Dr. Reichardt, orchestra conductor, sharing a prison cell with Otto, asks him “who can say (if the cards did any good)?  At least you opposed evil.  You weren’t corrupted.” The time for a big plan was before Hitler came to power.  “As it was, we all acted alone, we were caught alone, and every one of us will have to die alone.  But that doesn’t mean that we are alone or that our deaths will be in vain…we are fighting for justice against brutality”

 

 

 

 

 

 

on the nature of Writing…

an excerpt from Memoir of a Polar Bear by Yoko Tawada

I have to admit: my life changed because I’d made myself an author.  Or to be precise, it wasn’t exactly me who did that, I was made an author by the sentences I’d written, and that wasn’t even the end of the story: each result gave birth to the next, and I found myself being transported to a place I hadn’t known existed.  Writing was a more dangerous acrobatic stunt than dancing atop a rolling ball.  To be sure, I’d worked myself to the bone learning to dance on that ball and actually broke some bones rehearsing, but in the end I attained my goal.  In the end I knew with certainty that I could balance on a rolling object – but when it comes to writing, I can make no such claims.  Where was the ball of authorship rolling?  It couldn’t just roll in a straight line, or I’d fall of the stage.  My ball was supposed to spin on its axis and at the same time circle the midpoint of the stage, like the Earth revolving around the sun.

Writing demanded as much strength as hunting.  When I caught the scent of prey, the first thing I felt was despair: would I succeed in catching my prey, or would I fail yet again?  This uncertainty is the hunter’s daily lot.

 

The Tale of the 1002nd Night by Joseph Roth

(c1939)  1998 St. Martin’s Press

How surprising that a novel by Roth should only find English translation (by Michael Hofmann) and publication nearly fifty years after it was written.  It’s an unusual book, not so much a story as a series of vivid scenes of Vienna life in the last years of change and decay before the Great War, scenes strung together like the pearls of the fabulous necklace gift of the Shah.

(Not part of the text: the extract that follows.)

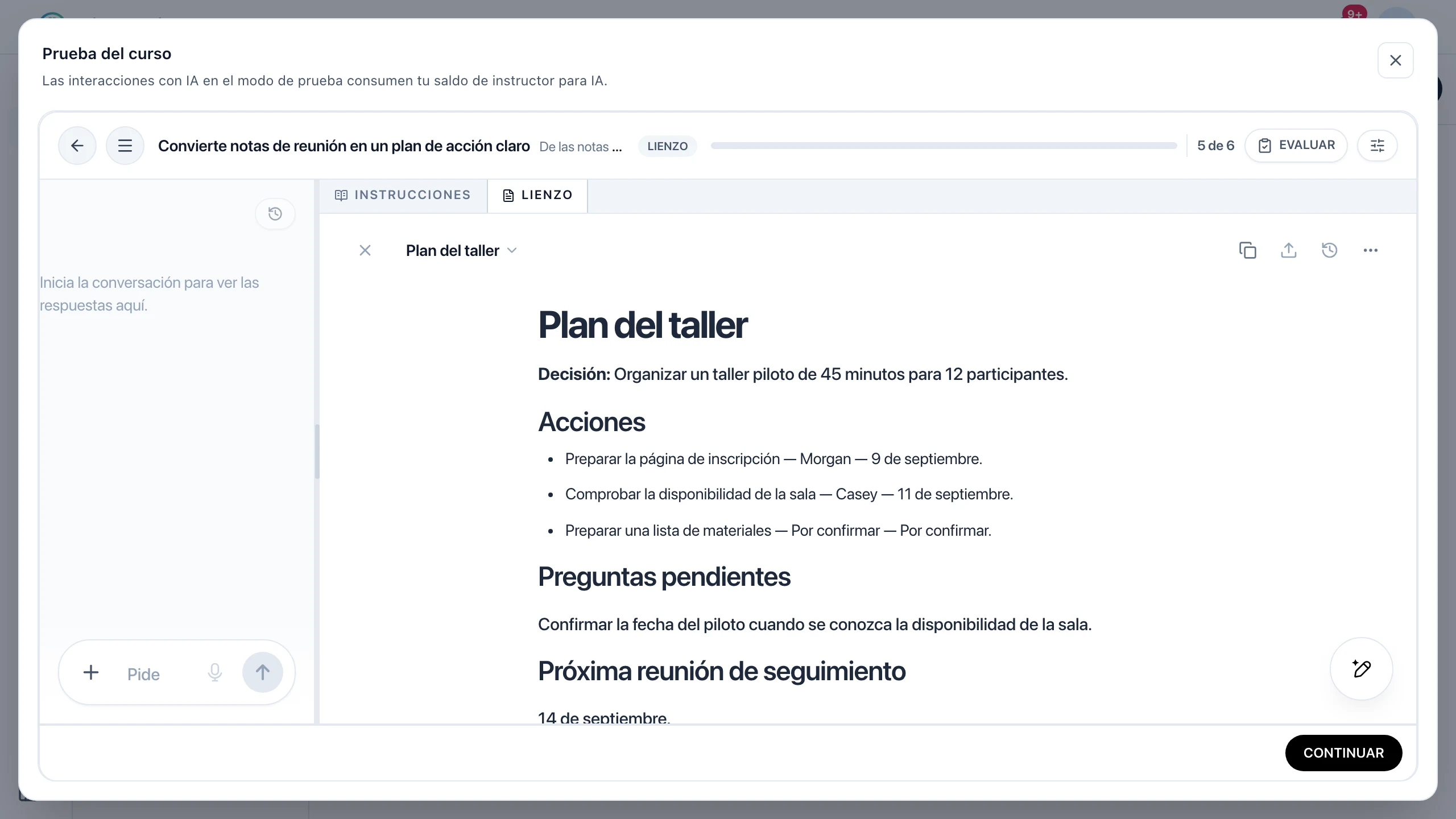 Vista del alumno utilizada para probar y mejorar la actividad sobre notas de reuniones.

Roth conjures the physical Vienna with great specificity, walking us around the city with the details that prompt that “I know that place, I’ve been there” feeling in any visitor.  But we know only too well that the social world is decayed and dying.  We meet characters across the social spectrum but there will be no happy ending for any of them.  Roth is an incomparable stylist whose work gives the reader an exquisitely melancholy pleasure.

“…she sometimes surrendered to her dangerous dreams, knowing full well how foolish they were, and how bleak and bitter it was to wake from them.  Ridiculous dreams, fleetingly kind and beatific, for all the misery of waking from them.”

The last word from the waxworks sculptor: “I might be capable of making figures that have heart, conscience, passion, emotion, and decency.  But there’s no call for that at all in the world.  People are only interested in monsters and freaks, so I give them their monsters.  Monsters are what they want.”

The Sisters Brothers: A Novel by Patrick DeWitt

It might be overreach to say that the Western is an infinitely adaptable literary form but it has proven to be a remarkably useful framework for cultural and psychological exploration.  That there are still new ways to tell a story within its seemingly simple structure is dazzlingly demonstrated in this 2011 novel.   Canadian author Patrick DeWitt spins elements of the traditional Western with the knightly quest tale, medieval morality plays, fairy tales, road movies and a contemporary comic sensibility into a fresh, funny, completely compelling story that might have been told around a campfire, in a mead hall, or on a comedy club stage.

The two brothers are characters usually seen only in the background of a standard Western, the hired guns who serve the corrupt boss.  DeWitt plucks them from the shadows to make them the leading men of a perverse knightly quest.  They are dark knights clad not in armor but in long dusters with the sleeves ripped off. The Commodore(king) sends them on a job(quest) to recover something of “great value”.  They have adventures and meet all manner of odd characters.  Much is learned and much is lost.  They betray their trust for the lure of the alchemist’s dream but perhaps find truer treasure at the end.